Despite the movie’s blatant framing, innumerable biases and use of several fallacies, it did touch on the idea of doubt as truth that we are so quick to accept culturally when it comes to living out a faith.

My Own Experiences

I’ve shared a little about my spiritual journey here before, coming from Catholicism, falling away from the church, and then discovering true faith through Protestantism. While I absolutely cannot speak about everyone’s experience with doubt, I can speak about my own struggles with this beast.

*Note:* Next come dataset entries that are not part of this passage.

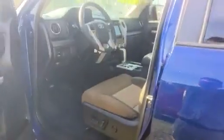The SR5 package comes with a seven-year, 100,000-mile warranty. It's got power seats, power outside heated mirrors, and a towing and hauling button.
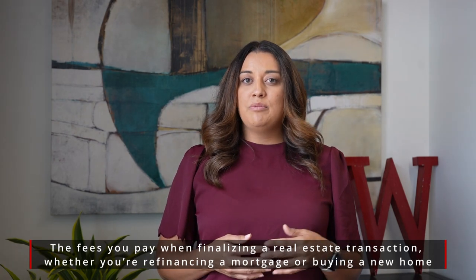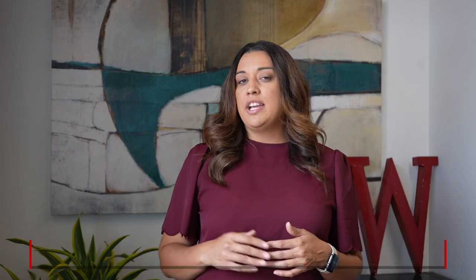Closing costs are the fees you pay when finalizing a real estate transaction, whether you're refinancing a mortgage or buying a new home. These costs can amount to 2-5% of your mortgage loan, so it's important to be financially prepared for this expense.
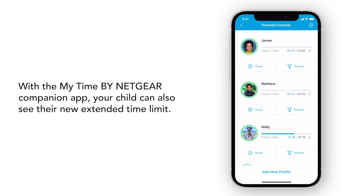With the My Time by Netgear Companion app, your child can also see their new extended time limit.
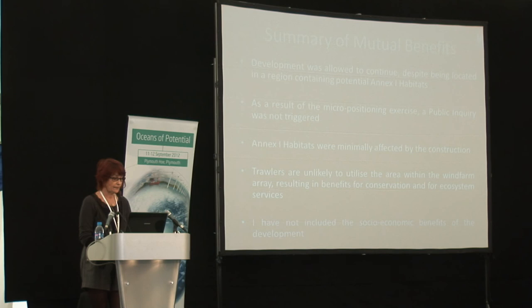I've not included the socio-economic benefits of the development. That's all I have to say. Thank you very much.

It didn’t take me long before I began to question whether the priest standing in front of me on Sunday mornings was more holy than I and had all the answers. As a teenager, while all of my friends thought about what they would have for lunch tomorrow and when the next school dance was, I would stay up long nights staring at my ceiling wondering where God was. I was angry at the thought that God existed because, honestly, he was doing a horrible job.

I would come up with these elaborate excuses as to why things were the way they were. Clearly the people in Jesus’s time were just afraid of dying so they came up with some elaborate story to comfort themselves on long dark nights. Clearly all the pastors knew this and were either deluding themselves or more likely keeping up appearances to keep everyone calm. Because I didn’t understand what it meant to experience the richness of a Christian faith, I came up with these really lame excuses as to why people did the things they did.

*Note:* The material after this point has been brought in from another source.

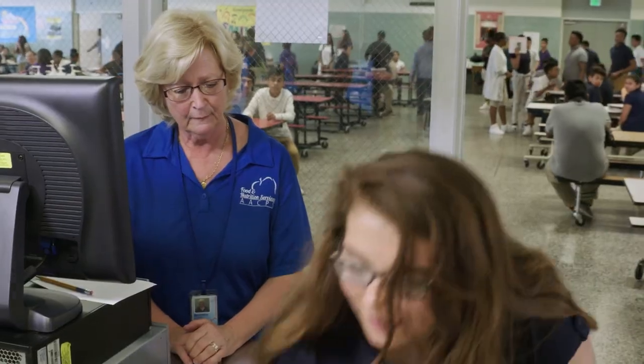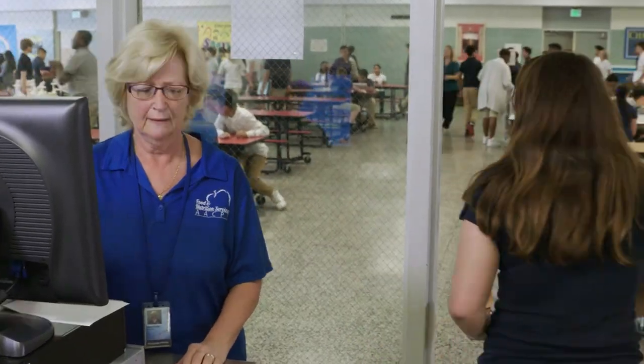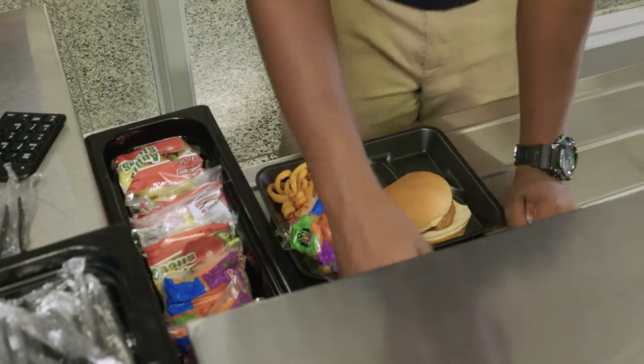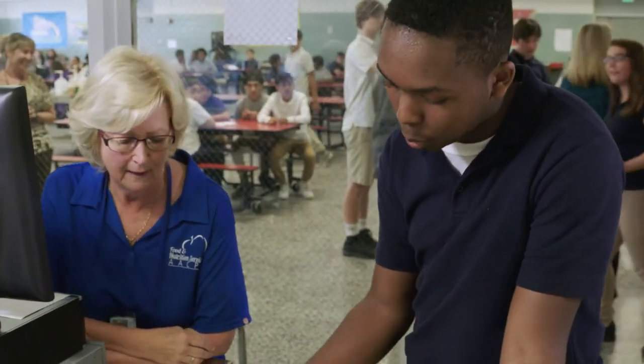Our students know there's a way they can get their meal for a cheaper price or a more expensive price, so we use the words 'reimbursable' and 'a la carte' with students. We'd word it like: if you want to get the meal for a reimbursable price, you need to get a fruit or vegetable with your meal — you get more bang for your buck. Whereas with a la carte, you spend all your money and don't get the value. Children understand economics: whatever I can get the most of for my money, that's what I want.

Thankfully, through my doubt, God showed me truth, His truth.

How Doubt Presents Itself

Doubt has many ways of creeping into our lives. Sometimes it’s gradual and itches at the back of our neck repeatedly. Other times it hits us like a tidal wave knocking us on our feet causing us to grasp for air.

Sometimes doubt is perpetual. People can live in perpetual doubt like Bill Maher and refuse to believe in anything they cannot know for sure. *

There can even be Christians who live in perpetual doubt wanting to believe in what Christ offers but rejecting teachings, miracles, and reports as improbable. They’ll comment on the illegitimacy of Scripture saying that it was written by an older generation, by close-minded people, and was the result of politics, not spirituality. They will completely remove God from faith.

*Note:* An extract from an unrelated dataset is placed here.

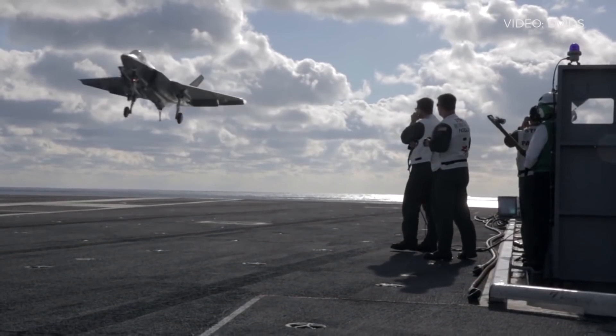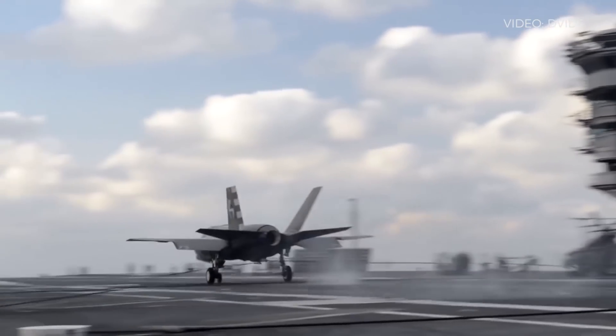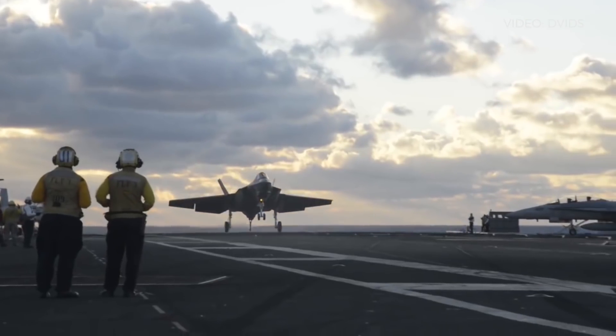Can you explain to us a little bit about what the J-PAL system actually is? J-PAL stands for the Joint Precision Approach and Landing System. It is a designated approach and landing system for the F-35. It uses GPS technology to allow us to land an F-35 aircraft on a moving aircraft carrier with less than 20 centimetres accuracy.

Blind Doubt is Not Part of Your Faith

Doubt can indeed lead to a richer, deeper faith for many. I’ve spoken with many people who have experienced dark nights of the soul only to come out the other side with a deeper understanding of God and a love for Him they never would have experienced before. Unfortunately, there are some who get caught up in doubt, equating doubt with the truth and playing it up as part of their faith journey.

Blind doubt is not part of your faith. Your faith is not cyclical. The model of faith is not to experience seasons of doubt followed by seasons of certainty over and over and over again. Doubt is a wedge that is put between you and God. It’s purpose is to either leave you in confusion or drive you away from truth.

Proverbs 3:5-8 ESV

Trust in the Lord with all your heart, and do not lean on your own understanding. In all your ways acknowledge him, and he will make straight your paths. Be not wise in your own eyes; fear the Lord, and turn away from evil. It will be healing to your flesh and refreshment to your bones.

When in doubt, you should always be moving toward a goal. You should always be seeking to know God more fully. Trust God to power through your doubt. Your doubt is not the end goal. God is.

I’m not sure I can emphasize that enough. I’ve met several people in conversation who sound as if they believe that God will save them based on their doubt. As if when they plead their case at the end of their lives, they might be able to say “but God, you didn’t show me enough, and you didn’t reveal yourself enough. Maybe you should have done more of this. Maybe you should have done this.”

God cannot help you if you have made doubt your god.

What To Do?

1. When in doubt, trust God. Yeah, that sounds like a horrible, Sunday school-esque cliche, but it’s truth. When you find yourself doubting, ask what is is you’re doubting and why you’re doubting. I often discovered that the reason I was doubting was because I was going over a hurdle in my relationship with God and was having difficulty understanding Him.

2. Read. Read. Read. I find comfort in reading the writings of several Christian theologians who struggled with far more than I ever struggled with and lived to write powerful works for Christianity. It’s helpful to know that C.S. Lewis had every reason to not be Christian and chose the faith after being an atheist for a good part of his life.

3. Seek community. Don’t be afraid to confess your doubt to fellow church members. That’s what that faith community is there for, to bring you closer together.

But the most important thing is don’t settle. It’s easy to get caught up in everyday doubts but persevere and don’t lose hope.

 

 

Photo Credit: seyed mostafa zamani

*To the agnostic, knowledge takes on a whole new meaning to religion. There are things that we can definitively know in this life that are not solely sensory. We typically don’t define knowledge as something that is known 100% as true. This is an odd concept that has now been used to critique Christianity as untrue because it does not satisfy every last one of our tiny desires. It’s interesting to note here that there were people who literally stood next to Jesus as he performed miracles and saw the same signs that everyone else did and still refused to believe. Let’s not kid ourselves, it’s not uncertainty you don’t want, it’s God.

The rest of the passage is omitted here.